▶ [Exercise]
Restate the data that follows exactly as it stands, beginning with the first line and ending with the line that contains "Hotel Abu Palace Leh Exterior photo".

▶ [Recorded data]
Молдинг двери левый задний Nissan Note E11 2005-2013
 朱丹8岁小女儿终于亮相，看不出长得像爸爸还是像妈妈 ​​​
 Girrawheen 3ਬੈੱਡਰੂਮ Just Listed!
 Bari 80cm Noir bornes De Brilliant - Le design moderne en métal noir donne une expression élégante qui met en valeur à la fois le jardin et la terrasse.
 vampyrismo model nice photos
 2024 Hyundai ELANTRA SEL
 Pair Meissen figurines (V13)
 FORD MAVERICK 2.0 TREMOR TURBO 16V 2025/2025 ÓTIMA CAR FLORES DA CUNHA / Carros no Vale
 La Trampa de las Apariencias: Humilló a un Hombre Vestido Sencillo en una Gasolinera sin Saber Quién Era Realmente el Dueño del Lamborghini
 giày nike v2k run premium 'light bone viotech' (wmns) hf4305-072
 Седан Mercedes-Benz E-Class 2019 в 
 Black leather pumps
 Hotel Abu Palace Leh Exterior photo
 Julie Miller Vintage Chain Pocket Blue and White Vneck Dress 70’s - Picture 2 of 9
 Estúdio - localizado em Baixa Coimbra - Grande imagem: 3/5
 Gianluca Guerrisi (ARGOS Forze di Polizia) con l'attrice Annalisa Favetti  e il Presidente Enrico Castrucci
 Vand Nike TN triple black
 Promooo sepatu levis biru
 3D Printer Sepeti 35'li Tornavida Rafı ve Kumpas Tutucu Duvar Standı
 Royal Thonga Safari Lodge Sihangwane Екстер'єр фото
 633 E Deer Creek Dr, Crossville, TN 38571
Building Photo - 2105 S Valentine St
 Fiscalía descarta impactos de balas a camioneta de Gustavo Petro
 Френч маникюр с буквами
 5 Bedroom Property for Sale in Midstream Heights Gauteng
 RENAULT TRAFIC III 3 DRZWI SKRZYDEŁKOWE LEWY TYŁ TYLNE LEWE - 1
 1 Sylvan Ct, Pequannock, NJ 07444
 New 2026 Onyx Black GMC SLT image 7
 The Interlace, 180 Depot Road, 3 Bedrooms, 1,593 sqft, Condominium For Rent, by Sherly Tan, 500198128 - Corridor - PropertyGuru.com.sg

▶ [Your response]
Молдинг двери левый задний Nissan Note E11 2005-2013
 朱丹8岁小女儿终于亮相，看不出长得像爸爸还是像妈妈 ​​​
 Girrawheen 3ਬੈੱਡਰੂਮ Just Listed!
 Bari 80cm Noir bornes De Brilliant - Le design moderne en métal noir donne une expression élégante qui met en valeur à la fois le jardin et la terrasse.
 vampyrismo model nice photos
 2024 Hyundai ELANTRA SEL
 Pair Meissen figurines (V13)
 FORD MAVERICK 2.0 TREMOR TURBO 16V 2025/2025 ÓTIMA CAR FLORES DA CUNHA / Carros no Vale
 La Trampa de las Apariencias: Humilló a un Hombre Vestido Sencillo en una Gasolinera sin Saber Quién Era Realmente el Dueño del Lamborghini
 giày nike v2k run premium 'light bone viotech' (wmns) hf4305-072
 Седан Mercedes-Benz E-Class 2019 в 
 Black leather pumps
 Hotel Abu Palace Leh Exterior photo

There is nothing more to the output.